In Italia la legge chiave nella lotta al terrorismo è l’articolo 270bis del codice penale, il quale punisce “chiunque promuove, costituisce, organizza, dirige o finanzia associazioni che si propongono il compimento di atti di violenza con finalità di terrorismo.”

Da quando è stata introdotta nel 1980, la portata della norma è stata ampliata enormemente, a detta dell’avvocato Valsecchi, per tenere il passo con i cambiamenti del fenomeno terroristico.

“Si è visto che spesso in Italia i gruppi terroristici non operano con lo scopo di realizzare attentati ma come strutture di supporto per cellule operative in altri paesi,” sostiene Valsecchi. “I fatti che vengono puniti essenzialmente sono il reclutamento di potenziali terroristi, la propaganda e la formazione di documenti falsi.”

“Per poter applicare il 270bis in questi casi è stato necessario creare una giurisprudenza che cerca indizi in fatti e comportamenti che non sono tipicamente terroristici, ma sono strumentali alla realizzazione di questo reato.”

La nuova arma preferita dell’antiterrorismo sono le espulsioni

La conseguenza dell’allargamento delle maglie della legge, però, è che a volte nel mirino dell’antiterrorismo finiscono persone che, stando alle valutazioni dei giudici, con la jihad c’entrano poco o niente.

Di questo sembra essersene accorto anche il ministero dell’interno, che ora sta sempre più seguendo una via alternativa per colpire chi sospetta di attività terroristiche.

È l’espulsione il provvedimento che si sta ritagliando un ruolo sempre più importante nella lotta al terrorismo. Sbrigativa e con poche possibilità di appello, questa misura sta diventando l’arma di prima scelta da quando, nell’aprile dell’anno scorso, è stata introdotta dal pacchetto antiterrorismo voluto da Alfano.
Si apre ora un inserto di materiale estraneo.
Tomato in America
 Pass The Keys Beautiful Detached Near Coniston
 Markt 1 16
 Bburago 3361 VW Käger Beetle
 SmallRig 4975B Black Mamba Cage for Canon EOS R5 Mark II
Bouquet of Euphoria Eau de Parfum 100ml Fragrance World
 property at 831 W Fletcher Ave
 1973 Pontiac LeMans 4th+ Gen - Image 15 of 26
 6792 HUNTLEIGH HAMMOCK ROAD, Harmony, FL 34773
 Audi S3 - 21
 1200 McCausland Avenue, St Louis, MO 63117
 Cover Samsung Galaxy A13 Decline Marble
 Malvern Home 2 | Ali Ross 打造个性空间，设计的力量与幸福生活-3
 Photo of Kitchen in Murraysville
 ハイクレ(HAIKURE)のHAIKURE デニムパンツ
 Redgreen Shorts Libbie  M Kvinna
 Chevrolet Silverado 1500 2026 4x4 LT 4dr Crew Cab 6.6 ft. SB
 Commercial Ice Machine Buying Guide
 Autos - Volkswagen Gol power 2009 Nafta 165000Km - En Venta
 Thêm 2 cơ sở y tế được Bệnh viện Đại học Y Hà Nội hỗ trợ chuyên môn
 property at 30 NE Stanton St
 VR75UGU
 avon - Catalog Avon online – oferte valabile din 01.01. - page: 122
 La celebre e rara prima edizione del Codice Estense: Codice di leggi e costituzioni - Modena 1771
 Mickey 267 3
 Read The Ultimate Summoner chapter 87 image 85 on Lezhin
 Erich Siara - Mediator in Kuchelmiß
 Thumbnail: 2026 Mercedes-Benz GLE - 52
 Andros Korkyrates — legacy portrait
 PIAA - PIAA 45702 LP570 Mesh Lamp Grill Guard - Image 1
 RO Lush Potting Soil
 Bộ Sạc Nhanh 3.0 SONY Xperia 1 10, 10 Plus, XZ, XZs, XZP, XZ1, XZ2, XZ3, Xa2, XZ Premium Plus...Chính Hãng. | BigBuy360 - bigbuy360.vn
I dati resi noti dall’Interno dicono che nel 2015 le espulsioni per motivi di terrorismo sono state 63, mentre nei primi cinque mesi dell’anno si è arrivati a quota 19.

Se nell’iter penale, però, ci sono tutte le tutele individuali, con l’espulsione i diritti degli accusati vengono meno.

“Non è per nulla garantista come provvedimento,” commenta l’avvocato Guido Savio dell’Associazione per gli Studi Giuridici sull’Immigrazione (ASGI). “Se ci fossero degli indizi veri li metterebbero in galera. Non si riesce a imputare una persona perché non si hanno elementi gravi sufficienti è si ricorre all’espulsione.”

“Il diritto di difesa è praticamente inesistente. Intanto loro ti prendono e ti deportano e, poi, dall’estero puoi fare ricorso.”